A pitch-class is a note name, like C or D. In this paper, we consider enharmonics (e.g. Eb and D#) to be completely equivalent.
Previous papers describe probabilistic models to solve music related problems. Using graphical models, Cemgil  introduces a somewhat complex probabilistic model that generates a mapping from audio to a piano-roll using a simple model for representing note transitions based on Markovian assumptions. This model takes as input audio data, without any form of preprocessing. While being computationally costly, this approach has the advantage of being completely data-dependent. However, strong Markovian assumptions are necessary in order to model the temporal dependencies between notes. Hence, a proper chord transition model could be appended to such a transcription model in order to improve polyphonic transcription performance. Raphael and Stoddard  use graphical models for labeling MIDI data with traditional Western chord symbols. Lavrenko and Pickens  propose a generative model of polyphonic music that employs Markov random fields. While being very general, this model would benefit from having access to more specific musical knowledge.
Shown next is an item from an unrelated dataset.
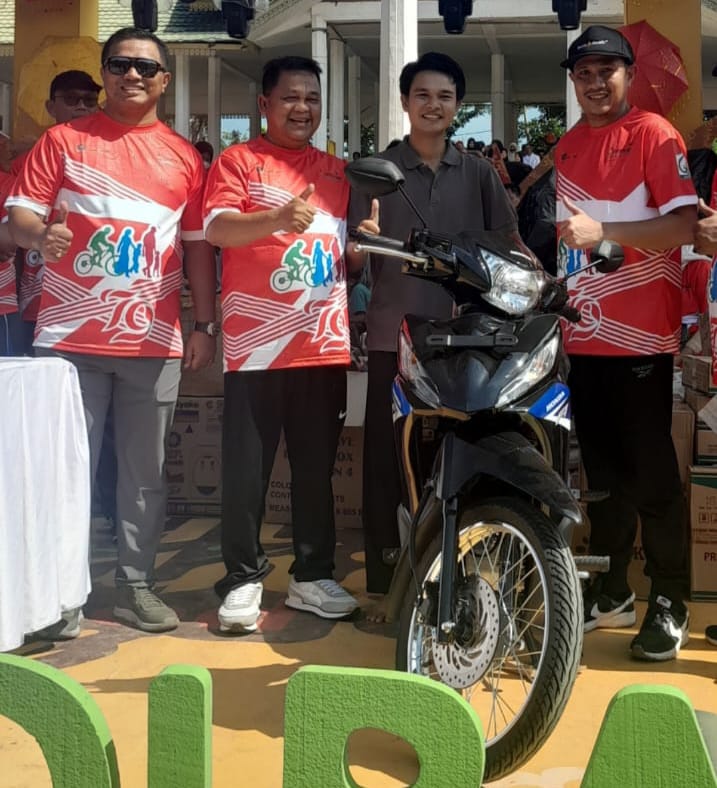 Ribuan Warga Ikut Fun Bike dan Fun Walk Merdeka Di Aceh Tamiang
For instance, we go a step further in this paper by using abstract chord representations as a smoothing technique towards better generalization. Begleiter et al.  provide an interesting comparison of variable order Markov models used for polyphonic music prediction, but without any use of chord information to overcome long term dependencies. Harmonization is the generation of a chord progression for a given melody. Allan and Williams  designed a harmonization model for Bach chorales using HMMs. While generating excellent musical results, this model has to be provided polyphonic music with a specific 4 voice structure as input, restricting its applicability to very specific settings. The models proposed in this paper are more general in the sense that it is possible to extract the appropriate chord representation from any polyphonic music, whatever the specific labeling, harmonic structure, or musical style.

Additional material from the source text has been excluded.